With the use of adjuvant chemotherapy, incidence of recurrence in the spinal canal and the supratentorial region seems to decrease.

Systemic metastases, in the absence of a CSF shunting system, are also a recognized problem in 10-20% of patients. Bone is the most common site of systemic metastasis; regional lymph node sites follow.

The Collin law was first hypothesized for Wilms tumor and has been expanded since to cover many pediatric tumors thought to be congenital in origin.

The Collin law states that if a tumor has not recurred in a period of time equal to age of the patient plus 9 months, that patient can be considered to be cured.

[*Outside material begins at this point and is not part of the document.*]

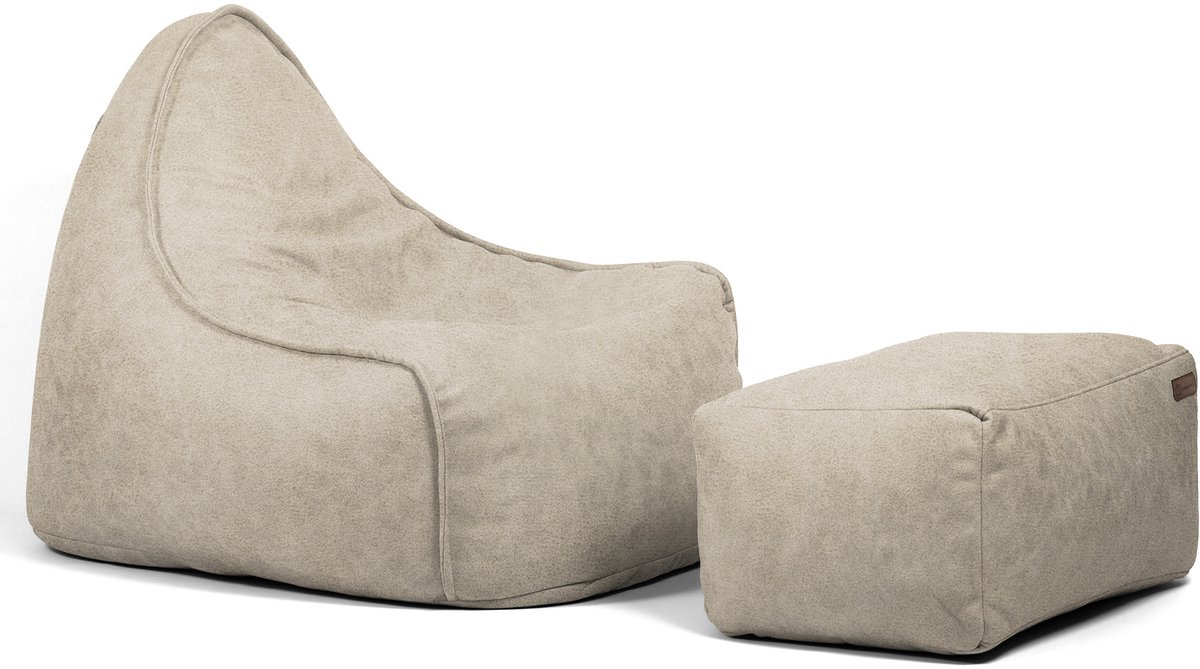 Casacomfy - Chilly Zitzak Set - Zitzak met Voetenbankje - Volwassenen - Latte - Lederlook - Zachtestof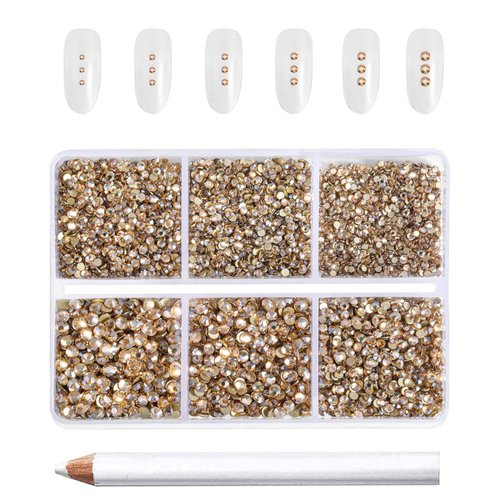 Beadsland 7200pcs Flatback Rhinestones,Gold Rhinestones Nail Gems Round Crystal Rhinestones for Crafts,Mixed 6 Sizes with Wax Pencil Kit, SS3-SS10,Golden Shadow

The Collin law generally holds for medulloblastoma, however, several late recurrences (longer than 10 years after diagnosis) have been reported. The 5-year progression-free survival rate in that group is 70–80% for patients at low risk and 60–70% for patients at high risk.

Greater age at diagnosis has been associated with a better prognosis, most likely because adults more often harbor the less aggressive desmoplastic variant of medulloblastoma.

Why females have a longer recurrence-free interval is not understood.

For discussion of prognosis by subtypes, see Approach Considerations.

Patient Education

Teach patients and families about early signs of hydrocephalus, especially if the patient has a ventricular shunt in place.